Casket
Live auction begins on:
July 1, 01:00 PM GMT
Estimate
40,000 - 60,000 GBP
Lot Details
Description
Italian, Siena, 14th century
Casket
gilt and polychromed wood, with an original iron key
19 by 24 by 14.5cm., 7½ by 9½ by 5¾in.
C. Guerzi, Painting and Goldworking in Conversation. A Rare Fourteenth Century Sienese Casket, Milan, 2019
This beautiful and rare casket encapsulates the innovative artistic world of 14th-century Siena that was so brilliantly presented to audiences in London and New York last year in the exhibition Siena: The Rise of Painting 1300-1350. In these exhibitions sculpture in marble and ivory, metalwork and textiles were shown alongside the painting - as they were in the landmark 1982/3 exhibitions Il Gotico a Siena and L’Art Gothique Siennois - because to understand Sienese painting it is necessary to explore the interdependence of all forms of artistic expression. To have been an artist in Siena in the first half of the fourteenth century was to experience a vibrant environment of artistic creativity stimulated by enthusiastic state, private and religious patronage. Vividly imagined in Ambrogio Lorenzetti’s street scene in his Good Government fresco in the Palazzo Pubblico (1338-9), the shared influence of such a golden age created masterpieces in every field of artistic production.
A monographic study by Prof. Chiara Guerzi (available on request) has examined the importance and context of this outstanding casket. She notes that it is ‘attributable to a Sienese artist belonging to the close circle of the Lorenzetti brothers active in Siena before the mid-14th century and characterized by strong archaizing tendencies in the interpretation of the ornamentation [it] is currently the oldest work belonging to the rare typology of architectural caskets with a tapered lid, also known as ‘pagoda-style’ (op. cit. p. 23).

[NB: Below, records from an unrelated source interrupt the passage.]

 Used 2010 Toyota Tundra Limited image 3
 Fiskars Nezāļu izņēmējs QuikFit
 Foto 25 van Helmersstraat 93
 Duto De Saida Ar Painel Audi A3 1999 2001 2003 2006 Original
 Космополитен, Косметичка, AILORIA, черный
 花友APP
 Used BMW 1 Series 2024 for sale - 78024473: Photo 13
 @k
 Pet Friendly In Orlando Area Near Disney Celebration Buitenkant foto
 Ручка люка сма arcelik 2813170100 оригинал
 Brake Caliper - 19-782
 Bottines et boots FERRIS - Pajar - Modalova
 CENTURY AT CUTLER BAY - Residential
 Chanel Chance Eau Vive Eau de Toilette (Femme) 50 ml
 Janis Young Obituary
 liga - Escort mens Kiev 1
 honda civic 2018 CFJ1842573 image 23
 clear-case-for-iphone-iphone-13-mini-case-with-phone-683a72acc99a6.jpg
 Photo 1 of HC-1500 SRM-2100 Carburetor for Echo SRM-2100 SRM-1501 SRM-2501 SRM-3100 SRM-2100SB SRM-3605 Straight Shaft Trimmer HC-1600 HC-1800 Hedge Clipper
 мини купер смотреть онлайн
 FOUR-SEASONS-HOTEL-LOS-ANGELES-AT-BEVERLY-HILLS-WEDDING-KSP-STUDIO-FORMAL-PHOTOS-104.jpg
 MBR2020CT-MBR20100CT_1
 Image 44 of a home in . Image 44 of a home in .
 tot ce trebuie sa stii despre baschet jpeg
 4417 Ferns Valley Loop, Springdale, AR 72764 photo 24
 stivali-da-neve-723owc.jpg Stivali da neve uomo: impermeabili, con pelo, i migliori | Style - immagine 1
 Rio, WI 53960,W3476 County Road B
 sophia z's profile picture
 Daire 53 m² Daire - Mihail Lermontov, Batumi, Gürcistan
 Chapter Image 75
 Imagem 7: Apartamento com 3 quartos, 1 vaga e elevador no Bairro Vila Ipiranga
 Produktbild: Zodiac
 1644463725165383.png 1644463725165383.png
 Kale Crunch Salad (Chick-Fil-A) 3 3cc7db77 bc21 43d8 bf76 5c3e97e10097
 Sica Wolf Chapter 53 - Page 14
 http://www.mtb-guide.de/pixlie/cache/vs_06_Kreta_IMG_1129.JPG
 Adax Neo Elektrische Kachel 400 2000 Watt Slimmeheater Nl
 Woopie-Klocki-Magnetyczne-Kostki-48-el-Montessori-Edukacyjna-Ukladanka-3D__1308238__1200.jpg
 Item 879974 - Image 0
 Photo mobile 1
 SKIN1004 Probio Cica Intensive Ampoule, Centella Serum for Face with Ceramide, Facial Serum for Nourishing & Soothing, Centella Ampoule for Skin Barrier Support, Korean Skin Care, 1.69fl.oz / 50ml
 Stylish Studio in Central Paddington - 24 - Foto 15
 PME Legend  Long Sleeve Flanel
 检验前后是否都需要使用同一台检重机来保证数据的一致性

As an object made of moulded wood prepared with plaster, with gold and silver-gilt leaf on orange-red bole, burinated and painted in tempera with black and light blue pigments, the highly-skilled craftsman who created it has sought to challenge the boundaries between different artistic disciplines. It is simultaneously painting, woodwork and simulated metalwork. As Guerzi observes: ‘the abundant use of granulation, against which the plant motif is rendered in reserve in the areas left free of paint … confirms the desire to give this casket the precious and translucent appearance typical of gold objects. The entire surface of the casket was once gilded, with the exception of the dark borders framing the sides of the base and lid, and the outlines and light blue grounds of the medallions containing the gilded and reserved figures, which stand out like genuine champlevé enamels on a blue ground’.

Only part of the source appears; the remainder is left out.